**Goal of the exercise**. Pictures in the listing below are skipped, while the lines from the "Форма для выпечки" line through the "stripped summer dress" line are returned word for word.

**Data extracts**.
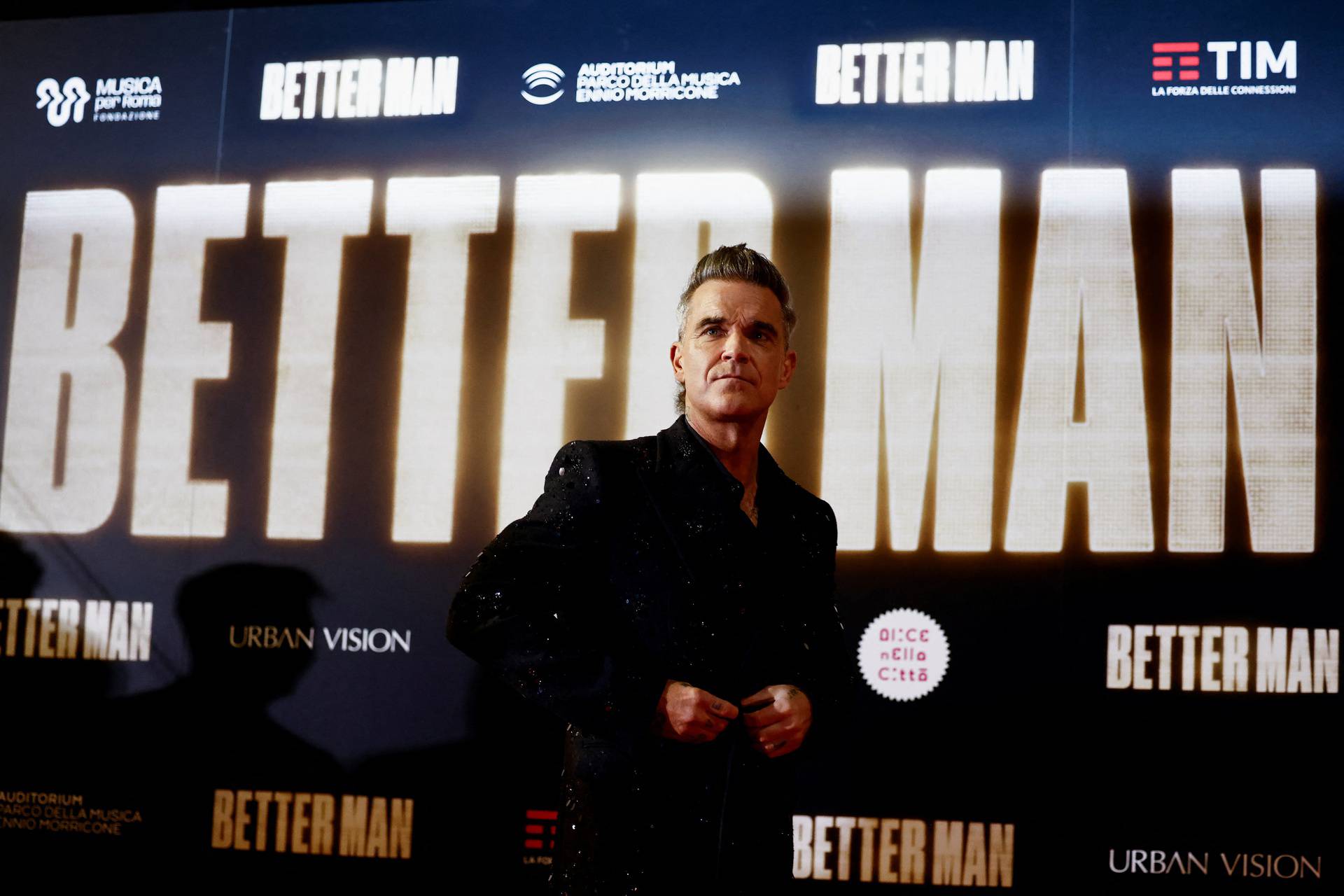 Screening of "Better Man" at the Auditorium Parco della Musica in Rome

...

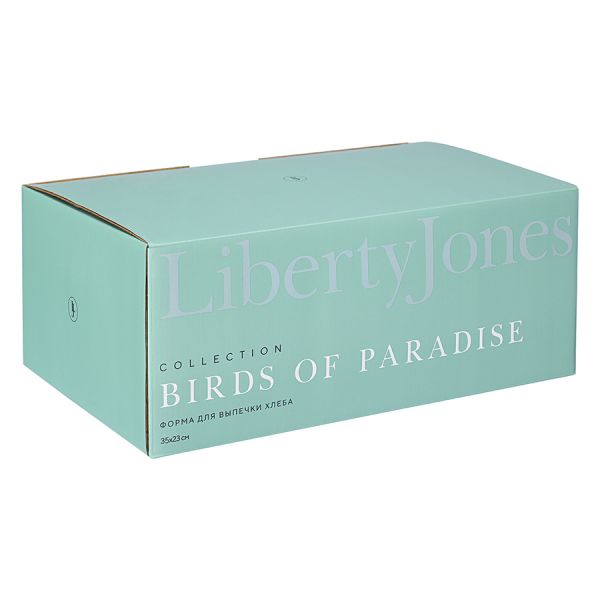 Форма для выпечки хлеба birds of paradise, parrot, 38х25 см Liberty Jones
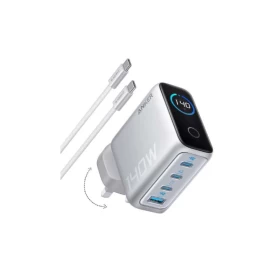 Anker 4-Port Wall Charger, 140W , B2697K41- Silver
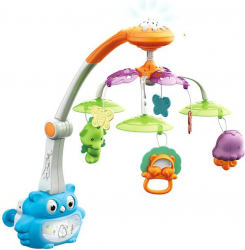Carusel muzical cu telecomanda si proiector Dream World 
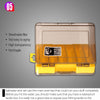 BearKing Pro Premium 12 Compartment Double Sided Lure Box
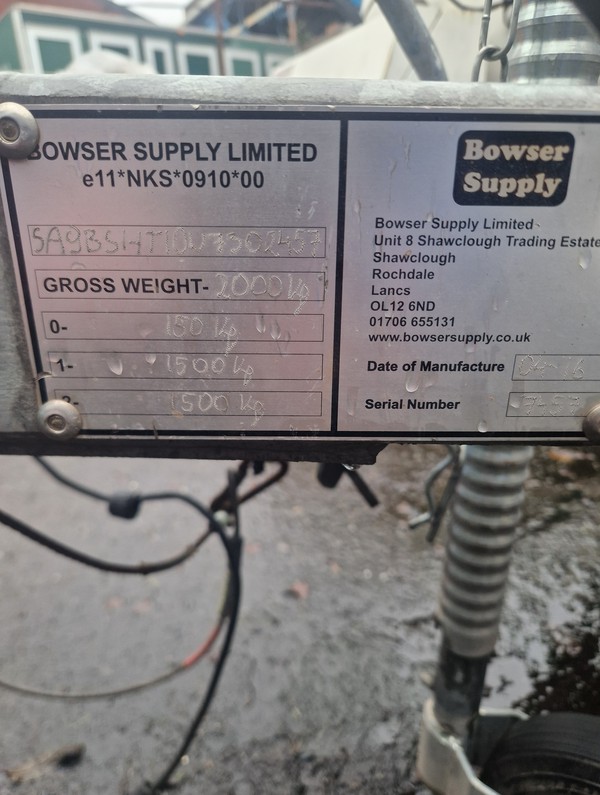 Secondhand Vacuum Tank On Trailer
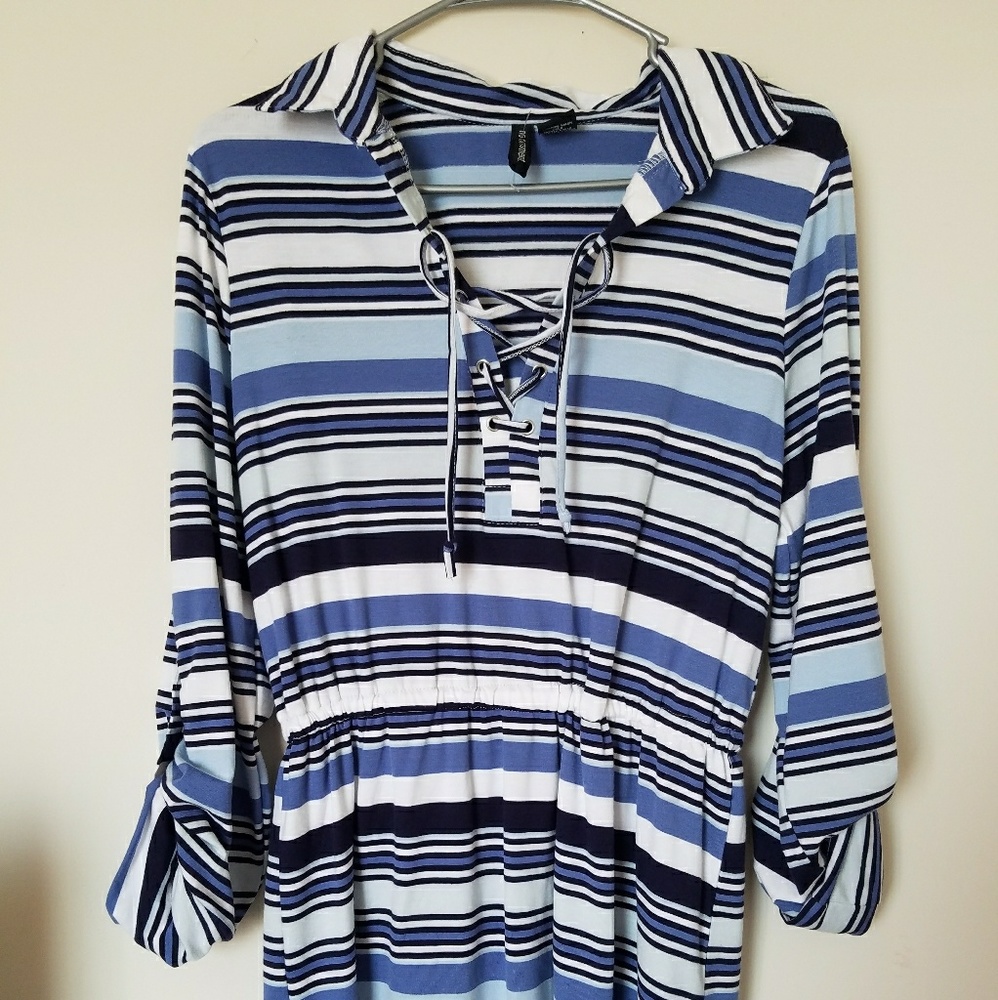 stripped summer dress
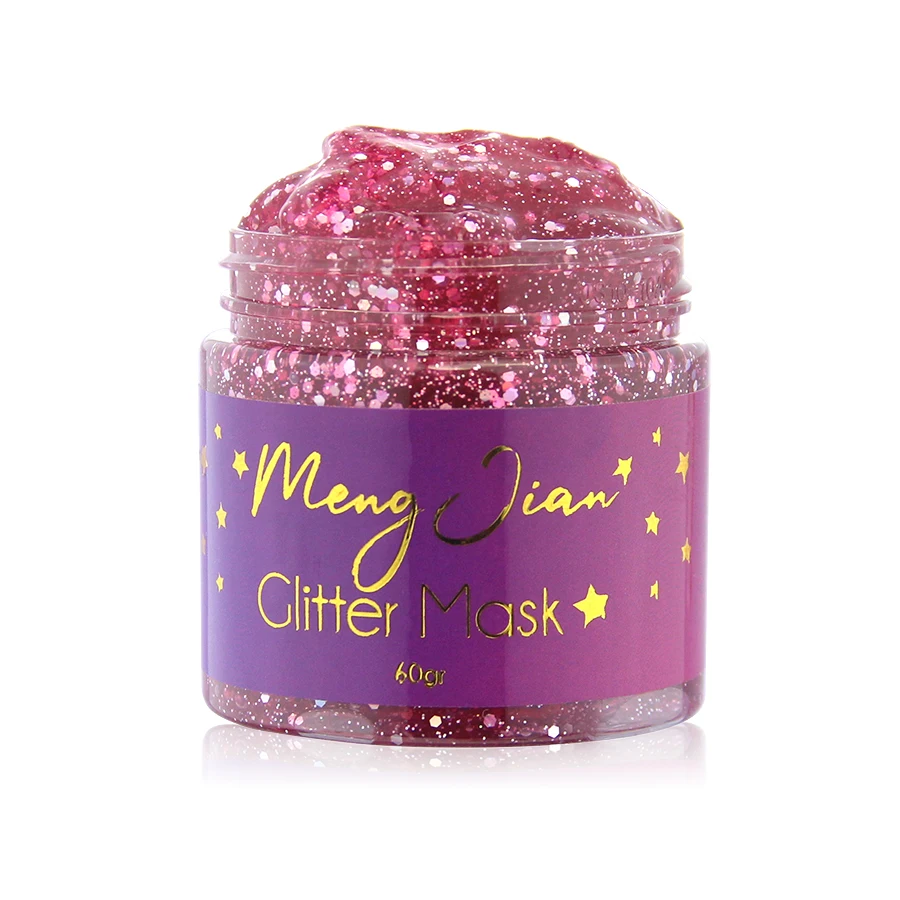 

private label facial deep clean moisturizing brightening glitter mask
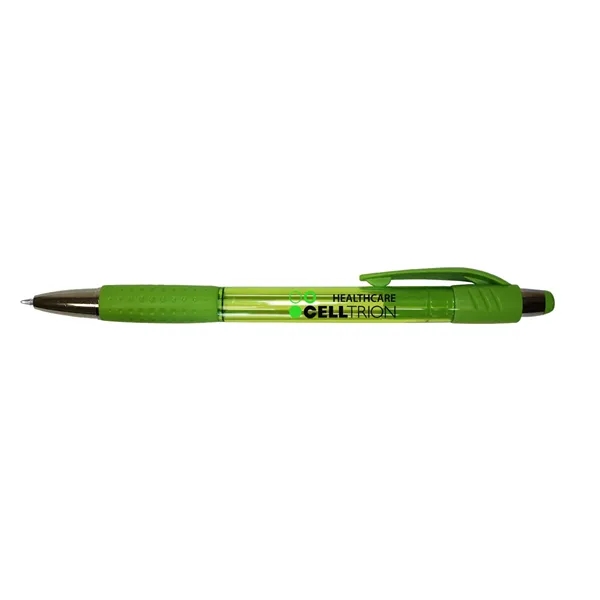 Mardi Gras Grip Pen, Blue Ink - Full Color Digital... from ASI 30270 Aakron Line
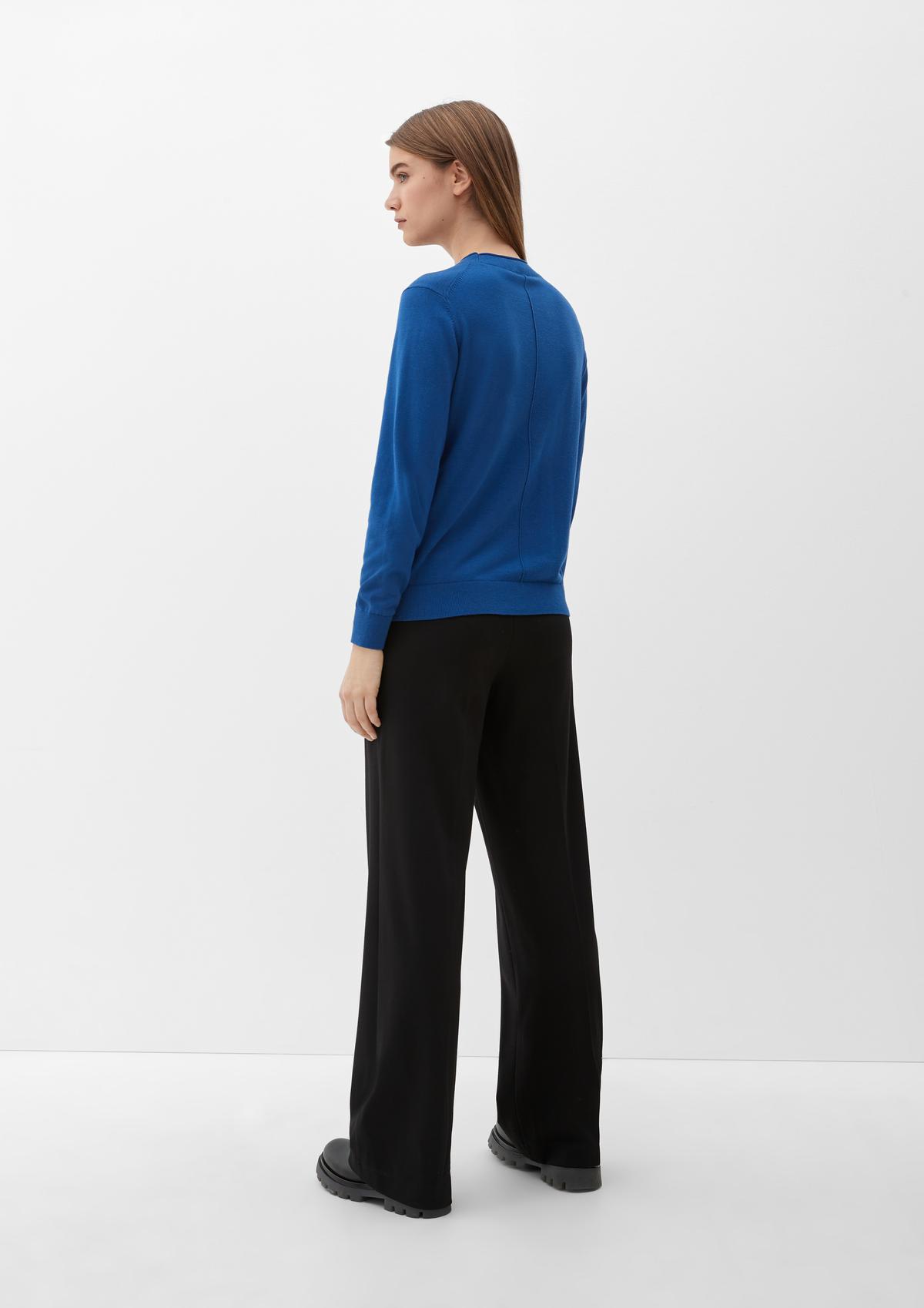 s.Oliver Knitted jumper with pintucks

**Solution to this exercise**.
 Форма для выпечки хлеба birds of paradise, parrot, 38х25 см Liberty Jones
 Anker 4-Port Wall Charger, 140W , B2697K41- Silver
Carusel muzical cu telecomanda si proiector Dream World 
 BearKing Pro Premium 12 Compartment Double Sided Lure Box
 Secondhand Vacuum Tank On Trailer
 stripped summer dress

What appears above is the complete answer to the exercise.